◆ WHAT THIS TASK INVOLVES ◆
Emit a verbatim copy of the lines below from the line with "Parking Hotel Valencia Congress" through the line with "KATOWICE AIRPORT KTW", excluding pictures and everything outside that range.

◆ RECORDS SUPPLIED ◆

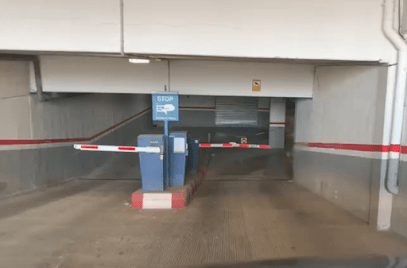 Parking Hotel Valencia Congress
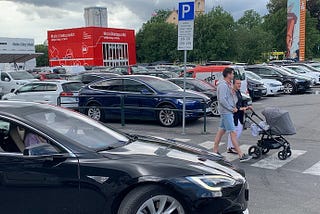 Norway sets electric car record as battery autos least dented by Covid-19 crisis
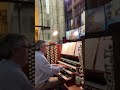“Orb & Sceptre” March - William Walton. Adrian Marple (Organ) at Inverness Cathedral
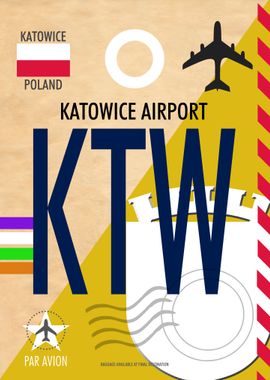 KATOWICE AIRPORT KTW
---
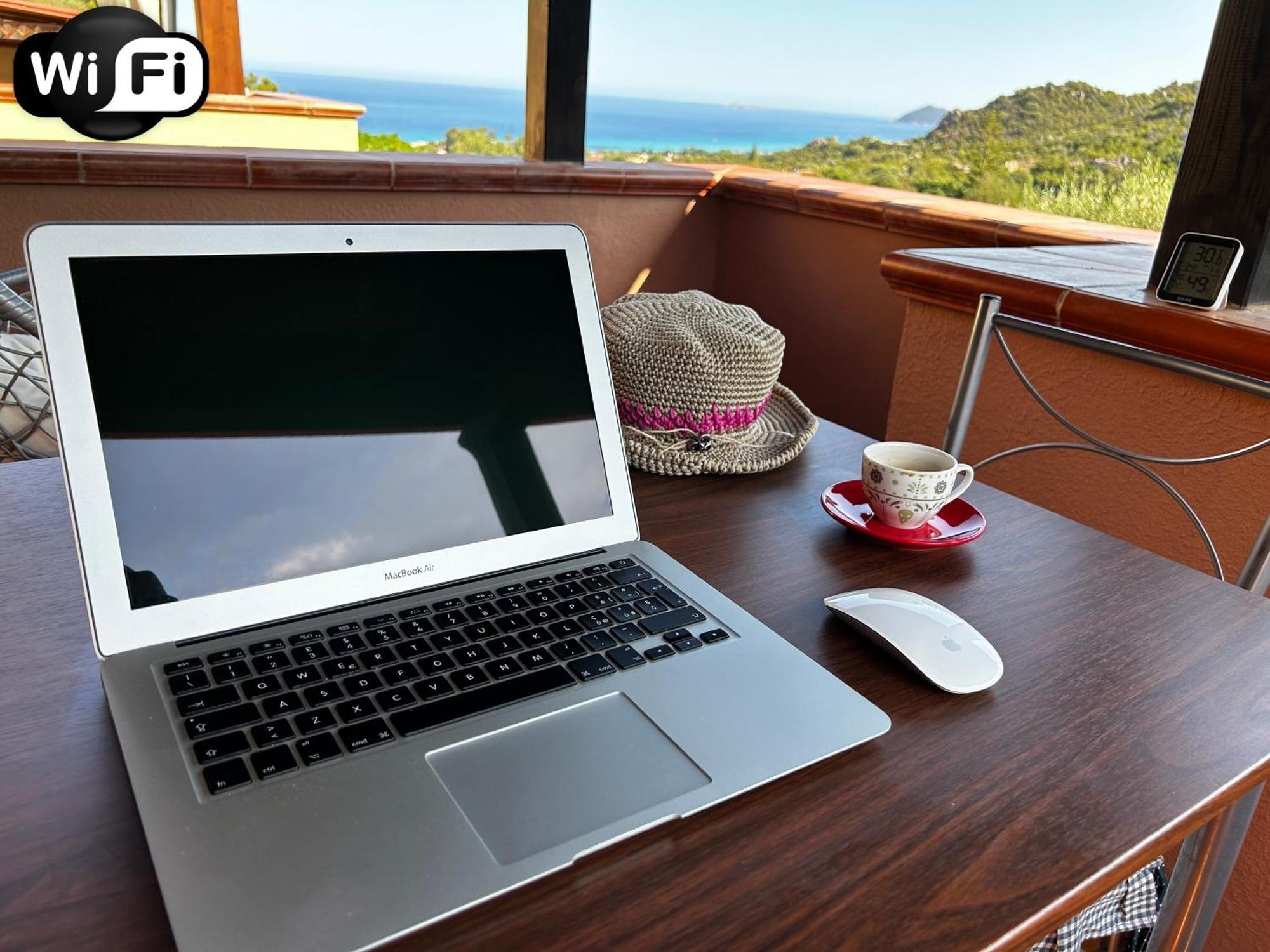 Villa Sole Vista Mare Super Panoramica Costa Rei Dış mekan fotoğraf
* * *
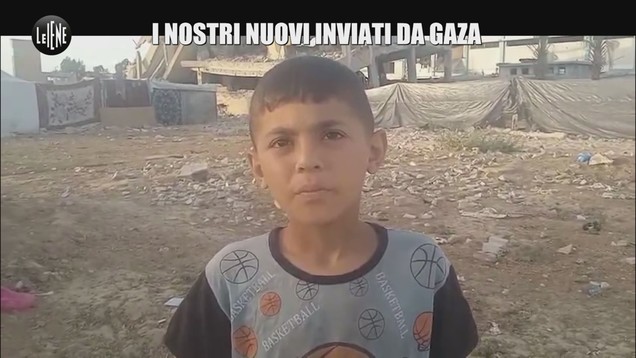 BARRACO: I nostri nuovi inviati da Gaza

◆ SOLUTION FOR THIS PROBLEM ◆
 Parking Hotel Valencia Congress
 Norway sets electric car record as battery autos least dented by Covid-19 crisis
“Orb & Sceptre” March - William Walton. Adrian Marple (Organ) at Inverness Cathedral
 KATOWICE AIRPORT KTW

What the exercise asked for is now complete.